SISSA, 34136, Trieste, Italy.
Centre for Evolution and Cancer, The Institute of Cancer Research, London, SM2 5NG, UK.
BMC Bioinformatics. 2021 Mar 12;22(1):121. doi: 10.1186/s12859-021-04013-x.
The identification of protein families is of outstanding practical importance for in silico protein annotation and is at the basis of several bioinformatic resources. Pfam is possibly the most well known protein family database, built in many years of work by domain experts with extensive use of manual curation. This approach is generally very accurate, but it is quite time consuming and it may suffer from a bias generated from the hand-curation itself, which is often guided by the available experimental evidence.
We introduce a procedure that aims to identify automatically putative protein families. The procedure is based on Density Peak Clustering and uses as input only local pairwise alignments between protein sequences. In the experiment we present here, we ran the algorithm on about 4000 full-length proteins with at least one domain classified by Pfam as belonging to the Pseudouridine synthase and Archaeosine transglycosylase (PUA) clan. We obtained 71 automatically-generated sequence clusters with at least 100 members. While our clusters were largely consistent with the Pfam classification, showing good overlap with either single or multi-domain Pfam family architectures, we also observed some inconsistencies. The latter were inspected using structural and sequence based evidence, which suggested that the automatic classification captured evolutionary signals reflecting non-trivial features of protein family architectures. Based on this analysis we identified a putative novel pre-PUA domain as well as alternative boundaries for a few PUA or PUA-associated families. As a first indication that our approach was unlikely to be clan-specific, we performed the same analysis on the P53 clan, obtaining comparable results.
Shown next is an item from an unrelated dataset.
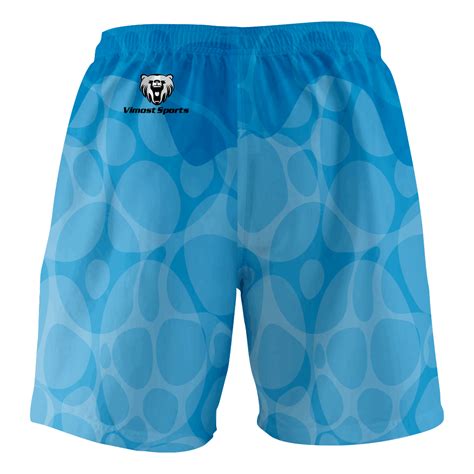 China Sublimation Basketball Shorts Manufacturers Sublimation Basketball Shorts Suppliers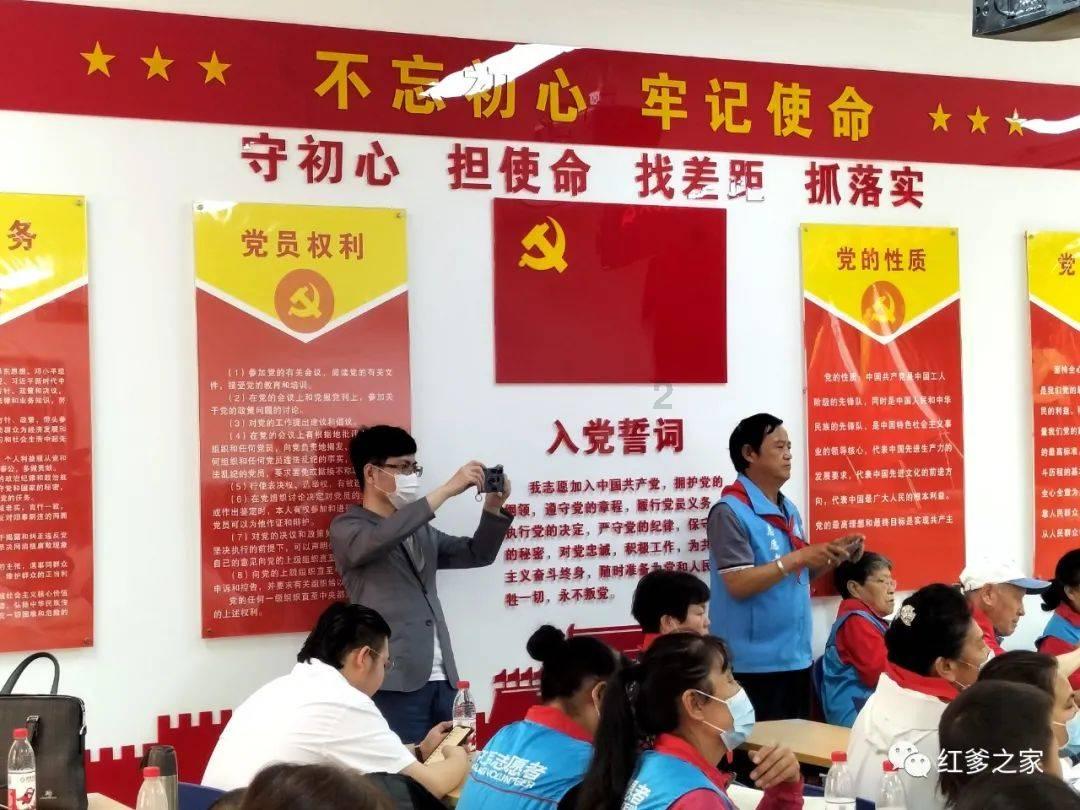 五一旅游，大连、威海和南京大家更推荐哪里呀？游戏画面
The clustering procedure described in this work takes advantage of the information contained in a large set of pairwise alignments and successfully identifies a set of putative families and family architectures in an unsupervised manner. Comparison with the Pfam classification highlights significant overlap and points to interesting differences, suggesting that our new algorithm could have potential in applications related to automatic protein classification. Testing this hypothesis, however, will require further experiments on large and diverse sequence datasets.
鉴定蛋白质家族对于计算机蛋白质注释具有突出的实际重要性,并且是几个生物信息资源的基础。Pfam 可能是最著名的蛋白质家族数据库,由领域专家多年的工作构建而成,广泛使用手动注释。这种方法通常非常准确,但非常耗时,并且可能会受到手动注释本身产生的偏差的影响,这种偏差通常是由可用的实验证据指导的。
我们引入了一种旨在自动识别假定蛋白质家族的程序。该程序基于密度峰聚类,仅使用蛋白质序列之间的局部两两比对作为输入。在我们这里呈现的实验中,我们在大约 4000 个全长蛋白质上运行了该算法,这些蛋白质至少有一个被 Pfam 归类为属于假尿嘧啶合酶和考古核苷转移酶(PUA)族的结构域。我们得到了 71 个自动生成的序列簇,每个簇至少有 100 个成员。虽然我们的簇与 Pfam 分类基本一致,与单域或多域 Pfam 家族结构具有良好的重叠,但我们也观察到一些不一致。后者使用结构和序列证据进行了检查,这些证据表明自动分类捕获了反映蛋白质家族结构非平凡特征的进化信号。基于此分析,我们鉴定了一个假定的新的预 PUA 结构域以及几个 PUA 或 PUA 相关家族的替代边界。作为我们的方法不太可能是特定于家族的第一个迹象,我们在 P53 家族上执行了相同的分析,得到了可比的结果。
本文描述的聚类程序利用了大量两两比对中包含的信息,以无监督的方式成功地识别了一组假定的家族和家族结构。与 Pfam 分类的比较突出了显著的重叠,并指出了有趣的差异,表明我们的新算法在与自动蛋白质分类相关的应用中可能具有潜力。然而,要验证这一假设,需要在大型和多样化的序列数据集上进行进一步的实验。